Information given »
══════════
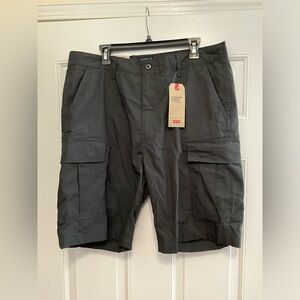 NWT ~ Levi’s Men’s Cargo Carrier Shorts.  Sz. 36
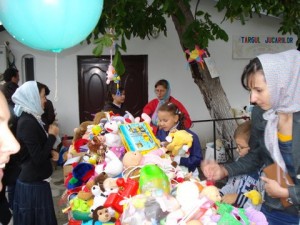 Târgul Jucăriilor, la Biserica „Sfântul Nicolae” – Brânduşa din Craiova Târgul Jucăriilor, la Biserica „Sfântul Nicolae” – Brânduşa din Craiova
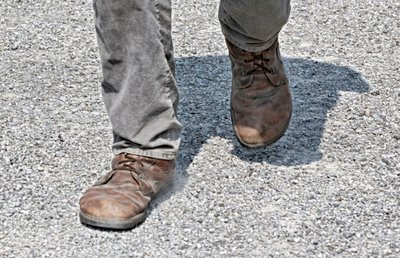 Bodenständig: Ministerpräsidenten-Latschen beim Wahlkampfwandern. Foto: Joachim E. Röttgers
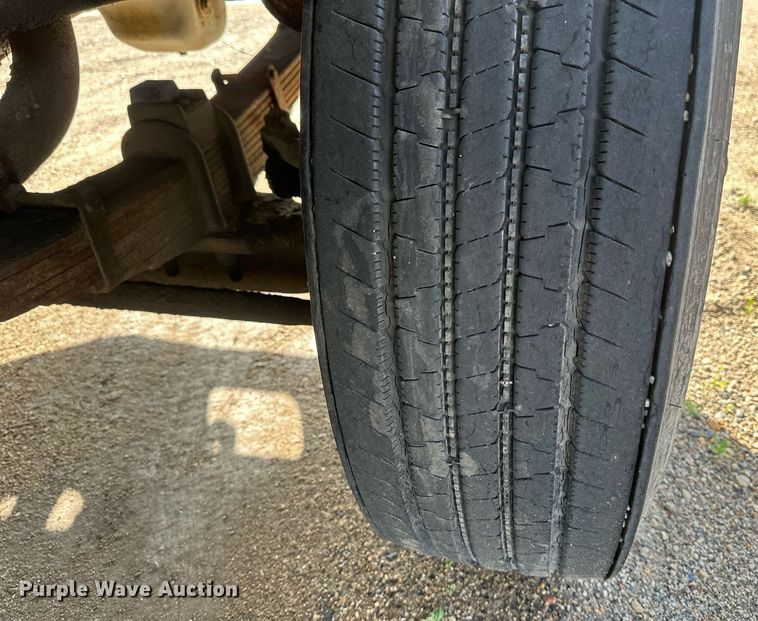 image for item EB2687 1995 Ford L8000 refuse truck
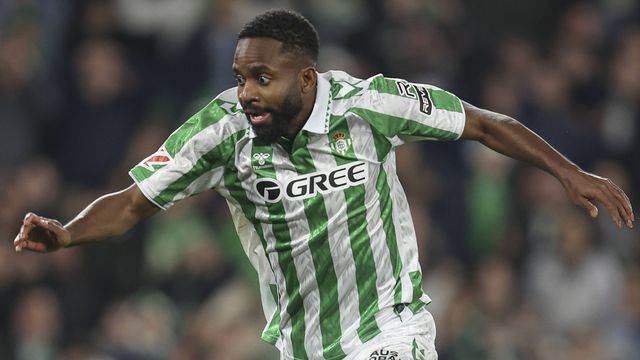 Bakambu em ação pelo Betis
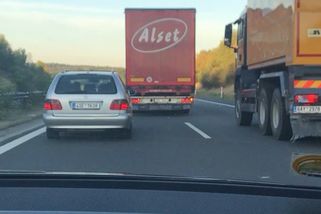 Změna pravidel, která řidiče naštve. Kamiony se vrací do levého pruhu, plošný zákaz předjíždění zruší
══════════
Your task » Keep pictures out and return the lines from the one containing "Bakambu em ação pelo Betis" through the end of the listing, both included, character for character.

Expected answer »
 Bakambu em ação pelo Betis
 Změna pravidel, která řidiče naštve. Kamiony se vrací do levého pruhu, plošný zákaz předjíždění zruší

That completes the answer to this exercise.